Case Study in id verification

Case Study in id verification

Taken from The Times, Troubleshooter, Saturday November 3 2018

Marcus misses the mark

I have power of attorney (POA) for my mother’s financial affairs and was attracted by the interest rate offered by Goldman Sachs’s new Marcus account. I wanted to invest about £30,000 of her money.

After a couple of conversations with the Marcus call centre, when I explained that my mother will be 100 on Christmas Day and suffers from dementia, I was told that she needed to open an account online with my help, after which I should download and complete the POA form.

This went well until the website called for proof of identity and none of the options were applicable to my mother; she does not hold a passport or a driving licence, nor any of the alternatives. Another call to Marcus resulted in a “computer says no” moment. I was unable to open the account, nor could she prove her identity, so I could go no further.
Tim Worrall, Kingsley, Cheshire

This is an interesting example of the potential digital exclusion of older people from financial products. Until this week, Marcus Bank’s online-only account was offering the best return on an easy-access account at 1.5 per cent. In theory, POA should offer those who hold it the same ability to manage money as the person they are holding it for, but many complain that they come up against resistance or a lack of understanding of how it works from frontline bank staff.

Companies need to identify customers for anti-money laundering purposes, as well as their own commercial ones, and each company will have policies on identification and what kind of ID they will accept. General industry guidance says that where a person deals with assets under a POA that person is also a customer of the company, consequently, the identity of holders of POA should be verified too.

The FCA says it is unusual to open a new account once a POA is in place, but with savings rates so poor there must be a lot of people who want to make their parents’ or relatives’ savings work harder.

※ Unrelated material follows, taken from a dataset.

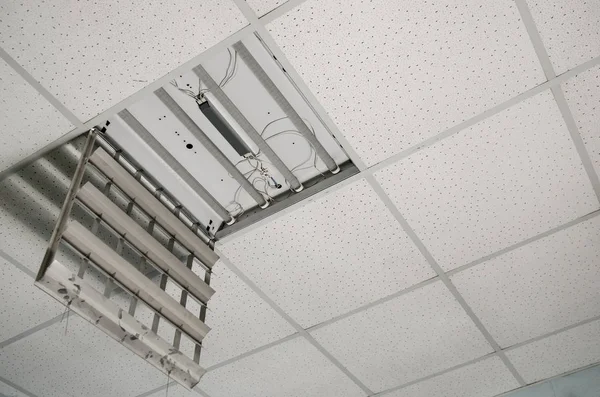 repair and installation of fluorescent lamp equipment in the office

The fact that Mr Worrall’s mother has dementia should not mean that he has to forgo trying to protect her money. It is likely that a much older person will not have a passport or driving licence, in which case the FCA expects banks to have other options for providing identification.

The Money Advice Service says banks should accept alternatives “such as a benefits letter, immigration status document, or a letter from a prison governor, care-home manager, homeless shelter or place of study. “Unfortunately, FCA evidence suggests that some bank staff and customers aren’t aware of these options.”

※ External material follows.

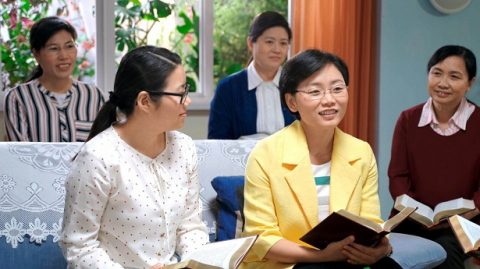 Bị cuốn vào cuộc chiến thuộc linh, tôi cậy dựa vào Đức Chúa Trời và thắng được những cám dỗ của Sa-tan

Mr Worrall has since been contacted by Goldman Sachs, which has apologised for his difficulties and agreed that two documents from the proof of address list would suffice.

Mr Worrall says: “I duly uploaded two such documents and tried to complete the registration for my mother, using my postal address, telephone number and email, but was unsuccessful. I subsequently received an email confirming the registration and the opening of a Marcus account in my mother’s name, perhaps following a manual intervention? After that Marcus called me to explain that I would need to register my POA by downloading and completing its form and producing the original POA registered with the Office of the Public Guardian; they would also send me a Marcus form to prove my own identity, and I should send all the documents back to them in the post. It was a clunky process which was unclear from the website.”

A spokesman for Marcus says: “We work together with each account holder to make the verification process as simple as possible, but in this instance the customer was unable to provide an approved ID document to complete the sign-up process. We are working to resolve the issue.”